I will be blunt – I do not want the school board legislating, micromanaging, or censoring the ELA curriculum or the ELA teachers. I think that these teachers are professionals, and that the school and parents can trust them to make appropriate curriculum choices in order to stimulate our children’s minds, turn them into critical thinkers, and make them hunger not only for knowledge, but curiosity.
It is also my understanding that a policy exists whereby a parent can opt a child out of a particular reading assignment if they have a problem with the subject matter, so the issue is moot.
The timing of this is highly suspect. I perceive this as a renewed attempt to divide this community into factions. Last year it was the budget. This year it’s the books. Next year it will perhaps be rejection of the science curriculum, or abstinence-only education.
The NYS School Board Association maintains that a school board member must be, among other things, a “representative of the entire community”, and not just one faction of it.

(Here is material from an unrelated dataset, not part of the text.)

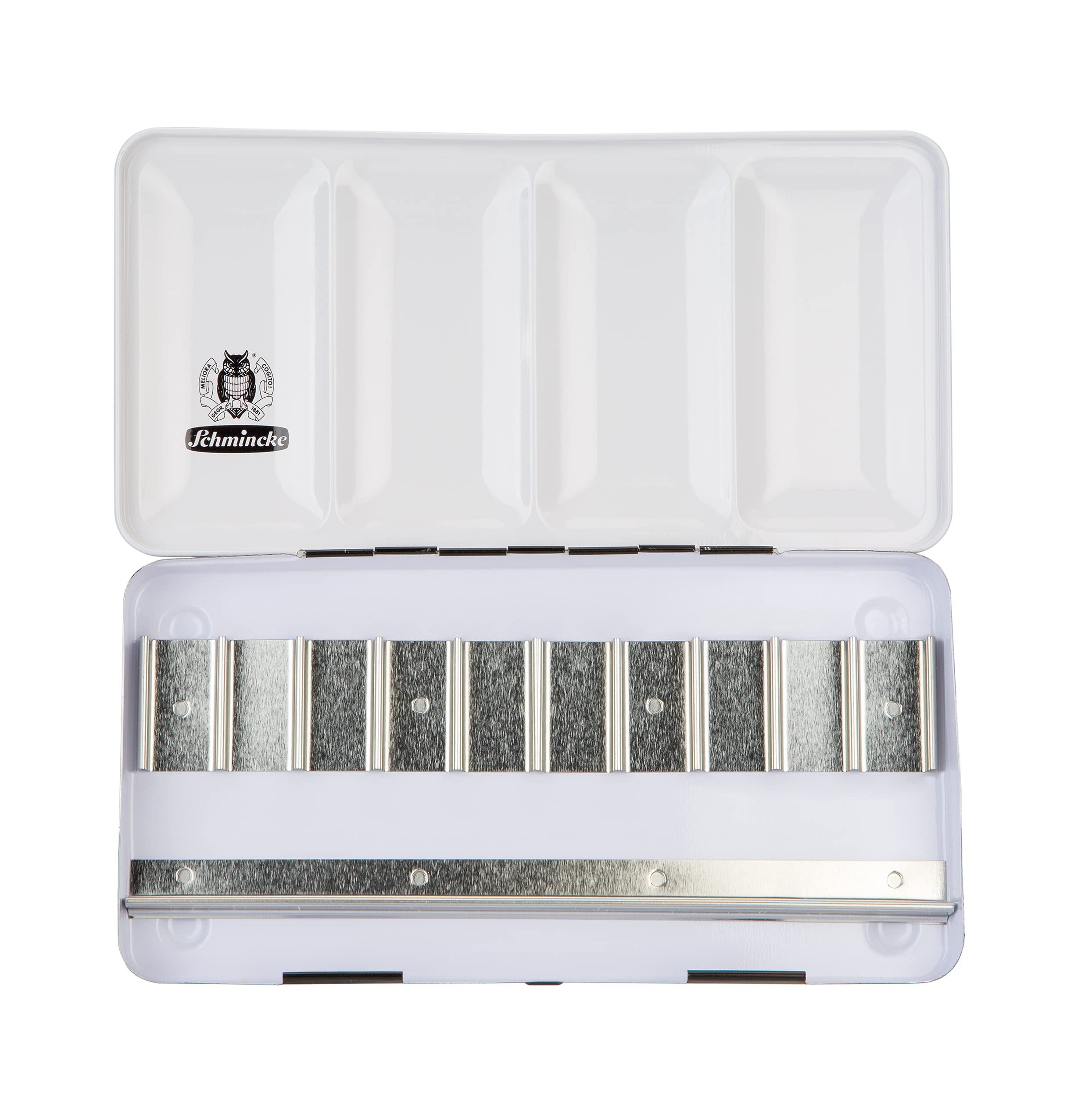 Schmincke - HORADAM AQUARELL empty box for 10 x 15 ml tubes, 74 910 097, black metal box with mixing palette, for individual filling with 10 HORADAM tube colours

I do not support the censorship or banning of books, and I hope that in these lean budget times, the board would choose to avoid a costly and embarrassing constitutional challenge.
1. CONFLICT OF INTEREST
There was an informational packet sent around to some town households in the last week or so, containing a call to action and a list of wildly extracontextual selections of themes and passages from books, essays, songs, and sex ed materials. It can be found at this link: http://www.scribd.com/doc/211263269/Clarence-School-Curriculum-Letter-March-2014
That packet was prepared in part and sent by Ginger Lahti, who is the sister of one board member and the wife of another. There is a clear and obvious conflict of interest, and Mssrs. Showalter and Lahti must recuse themselves from any discussion or vote on this curriculum issue. This is not to punish Mrs. Lahti from speaking out – she has every right to petition the board for whatever she chooses. But because of the close family relationship she has with two members of the board, fairness and ethics demand recusal. The Board’s own Code of Conduct demands high ethical standards and mandates avoidance of even the appearance of impropriety. I believe that this issue meets that standard, and demands recusal.
2. SEX ED
There is a handout about avoiding STDs that Mrs. Lahti finds objectionable. Another one a “sexual behavior chart”. I’m willing to bet that there are more materials that exist within the sex education curriculum, some of which likely contain information about not having sex at all. But teaching abstention does not free our district from not teaching kids how to avoid sexual risk as part of the larger health curriculum. Some kids and parents are embarrassed to discuss matters such as these, but it’s critically important for adolescents to know how to avoid unwanted pregnancy and disease. None of it forecloses a household from emphasizing abstinence within its own personal morality.
3. LITERATURE
10 of the 24 objectionable materials are for AP classes – college level reading. These kids are at an advanced, mature stage of their academic and chronological lives and can absolutely be trusted to read about adult themes. Likewise, the educators can be trusted to select age-appropriate literature, and the uncomfortable parts of these works can be addressed and discussed.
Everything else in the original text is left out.